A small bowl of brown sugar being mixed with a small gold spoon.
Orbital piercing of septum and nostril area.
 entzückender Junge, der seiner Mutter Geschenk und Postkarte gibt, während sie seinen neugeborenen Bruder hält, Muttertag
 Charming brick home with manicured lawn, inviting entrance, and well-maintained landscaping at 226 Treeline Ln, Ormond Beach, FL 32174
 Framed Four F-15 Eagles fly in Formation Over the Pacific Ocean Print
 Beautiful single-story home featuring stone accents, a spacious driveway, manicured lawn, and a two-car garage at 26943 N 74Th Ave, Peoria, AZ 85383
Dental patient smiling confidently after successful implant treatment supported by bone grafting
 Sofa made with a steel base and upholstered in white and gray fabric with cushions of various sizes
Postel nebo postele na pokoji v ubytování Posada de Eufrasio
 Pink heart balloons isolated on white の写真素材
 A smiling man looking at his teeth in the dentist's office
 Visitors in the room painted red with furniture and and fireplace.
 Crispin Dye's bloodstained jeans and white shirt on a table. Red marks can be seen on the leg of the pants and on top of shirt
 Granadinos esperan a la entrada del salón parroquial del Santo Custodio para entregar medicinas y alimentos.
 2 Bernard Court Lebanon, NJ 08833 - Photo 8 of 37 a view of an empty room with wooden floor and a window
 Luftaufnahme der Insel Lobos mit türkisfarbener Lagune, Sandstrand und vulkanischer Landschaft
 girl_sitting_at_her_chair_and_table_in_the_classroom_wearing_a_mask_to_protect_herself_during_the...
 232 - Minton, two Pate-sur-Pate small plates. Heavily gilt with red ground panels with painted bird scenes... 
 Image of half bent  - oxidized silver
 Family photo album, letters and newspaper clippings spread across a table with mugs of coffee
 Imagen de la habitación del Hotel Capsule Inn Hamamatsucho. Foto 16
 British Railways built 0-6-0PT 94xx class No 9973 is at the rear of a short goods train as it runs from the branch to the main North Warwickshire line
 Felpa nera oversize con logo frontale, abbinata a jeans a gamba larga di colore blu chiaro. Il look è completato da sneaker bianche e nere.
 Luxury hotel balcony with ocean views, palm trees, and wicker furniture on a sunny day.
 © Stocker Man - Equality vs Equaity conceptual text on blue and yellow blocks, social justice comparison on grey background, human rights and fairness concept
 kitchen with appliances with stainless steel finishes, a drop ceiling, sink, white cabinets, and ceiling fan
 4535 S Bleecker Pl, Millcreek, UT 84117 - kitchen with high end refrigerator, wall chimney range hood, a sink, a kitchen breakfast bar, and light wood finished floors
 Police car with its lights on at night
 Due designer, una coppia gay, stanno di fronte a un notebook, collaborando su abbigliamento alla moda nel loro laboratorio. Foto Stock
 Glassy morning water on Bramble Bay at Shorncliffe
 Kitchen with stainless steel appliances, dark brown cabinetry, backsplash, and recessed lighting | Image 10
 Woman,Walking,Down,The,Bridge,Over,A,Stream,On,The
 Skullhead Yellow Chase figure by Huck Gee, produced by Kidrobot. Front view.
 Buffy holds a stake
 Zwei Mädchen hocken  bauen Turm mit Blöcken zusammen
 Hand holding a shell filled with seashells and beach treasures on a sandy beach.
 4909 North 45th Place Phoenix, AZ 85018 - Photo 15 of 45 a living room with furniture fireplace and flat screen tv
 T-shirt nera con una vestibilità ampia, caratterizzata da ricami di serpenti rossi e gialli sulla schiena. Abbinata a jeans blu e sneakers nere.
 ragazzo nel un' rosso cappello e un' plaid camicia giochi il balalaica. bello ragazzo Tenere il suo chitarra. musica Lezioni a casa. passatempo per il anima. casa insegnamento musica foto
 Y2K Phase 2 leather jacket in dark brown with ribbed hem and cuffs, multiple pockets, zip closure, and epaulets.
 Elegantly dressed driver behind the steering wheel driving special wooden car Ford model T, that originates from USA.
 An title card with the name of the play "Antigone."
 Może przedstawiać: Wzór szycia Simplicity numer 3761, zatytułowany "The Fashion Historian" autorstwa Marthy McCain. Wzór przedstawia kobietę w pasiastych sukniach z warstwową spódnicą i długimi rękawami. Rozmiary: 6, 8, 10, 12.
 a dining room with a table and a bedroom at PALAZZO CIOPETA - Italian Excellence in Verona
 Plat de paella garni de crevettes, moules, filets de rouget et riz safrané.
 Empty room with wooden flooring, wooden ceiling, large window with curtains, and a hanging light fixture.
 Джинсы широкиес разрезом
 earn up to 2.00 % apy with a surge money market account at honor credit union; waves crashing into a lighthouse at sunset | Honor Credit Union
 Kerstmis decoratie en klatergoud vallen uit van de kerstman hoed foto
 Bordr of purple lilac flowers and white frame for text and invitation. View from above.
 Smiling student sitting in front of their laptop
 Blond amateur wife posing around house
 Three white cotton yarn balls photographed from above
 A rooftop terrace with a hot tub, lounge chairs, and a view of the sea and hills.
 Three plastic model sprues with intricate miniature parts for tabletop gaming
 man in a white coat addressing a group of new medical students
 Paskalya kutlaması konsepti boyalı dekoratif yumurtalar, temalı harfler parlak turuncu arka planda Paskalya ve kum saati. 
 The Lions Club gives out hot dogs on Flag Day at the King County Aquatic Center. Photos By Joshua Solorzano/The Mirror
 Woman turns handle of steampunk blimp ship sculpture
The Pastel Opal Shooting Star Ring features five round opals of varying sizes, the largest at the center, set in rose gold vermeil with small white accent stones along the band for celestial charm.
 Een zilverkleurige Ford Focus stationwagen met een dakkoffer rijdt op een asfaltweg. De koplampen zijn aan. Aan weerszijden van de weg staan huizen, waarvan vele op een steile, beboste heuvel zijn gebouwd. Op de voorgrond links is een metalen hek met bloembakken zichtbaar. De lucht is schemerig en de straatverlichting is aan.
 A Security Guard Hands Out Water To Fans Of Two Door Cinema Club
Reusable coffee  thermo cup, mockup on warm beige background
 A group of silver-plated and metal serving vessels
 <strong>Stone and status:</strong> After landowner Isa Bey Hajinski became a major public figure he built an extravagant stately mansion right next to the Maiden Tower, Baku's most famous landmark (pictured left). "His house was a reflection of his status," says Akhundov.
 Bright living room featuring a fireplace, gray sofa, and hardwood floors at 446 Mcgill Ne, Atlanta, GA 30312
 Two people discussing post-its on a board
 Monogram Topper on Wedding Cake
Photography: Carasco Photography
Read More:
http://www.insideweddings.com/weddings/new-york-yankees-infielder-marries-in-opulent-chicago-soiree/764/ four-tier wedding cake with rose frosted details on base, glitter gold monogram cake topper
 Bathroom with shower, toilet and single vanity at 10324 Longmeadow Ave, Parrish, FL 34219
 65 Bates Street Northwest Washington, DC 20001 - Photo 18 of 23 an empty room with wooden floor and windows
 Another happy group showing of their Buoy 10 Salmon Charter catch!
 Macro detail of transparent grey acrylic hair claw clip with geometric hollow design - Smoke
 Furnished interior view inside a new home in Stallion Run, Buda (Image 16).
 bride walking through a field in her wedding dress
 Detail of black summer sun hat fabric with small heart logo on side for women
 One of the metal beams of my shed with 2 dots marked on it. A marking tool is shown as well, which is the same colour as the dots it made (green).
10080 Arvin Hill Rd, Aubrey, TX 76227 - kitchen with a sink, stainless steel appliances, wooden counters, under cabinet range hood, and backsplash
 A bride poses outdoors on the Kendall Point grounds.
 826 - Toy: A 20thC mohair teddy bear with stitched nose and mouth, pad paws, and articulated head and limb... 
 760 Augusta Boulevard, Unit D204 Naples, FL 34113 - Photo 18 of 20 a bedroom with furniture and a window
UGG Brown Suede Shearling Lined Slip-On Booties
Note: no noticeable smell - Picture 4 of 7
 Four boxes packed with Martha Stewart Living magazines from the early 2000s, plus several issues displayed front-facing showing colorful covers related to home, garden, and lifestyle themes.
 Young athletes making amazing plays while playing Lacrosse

··········

Output, from the data above, the lines from the line with "Może przedstawiać: Wzór" to the line with "Джинсы широкиес разрезом" exactly as they stand, both ends included and nothing else.

 Może przedstawiać: Wzór szycia Simplicity numer 3761, zatytułowany "The Fashion Historian" autorstwa Marthy McCain. Wzór przedstawia kobietę w pasiastych sukniach z warstwową spódnicą i długimi rękawami. Rozmiary: 6, 8, 10, 12.
 a dining room with a table and a bedroom at PALAZZO CIOPETA - Italian Excellence in Verona
 Plat de paella garni de crevettes, moules, filets de rouget et riz safrané.
 Empty room with wooden flooring, wooden ceiling, large window with curtains, and a hanging light fixture.
 Джинсы широкиес разрезом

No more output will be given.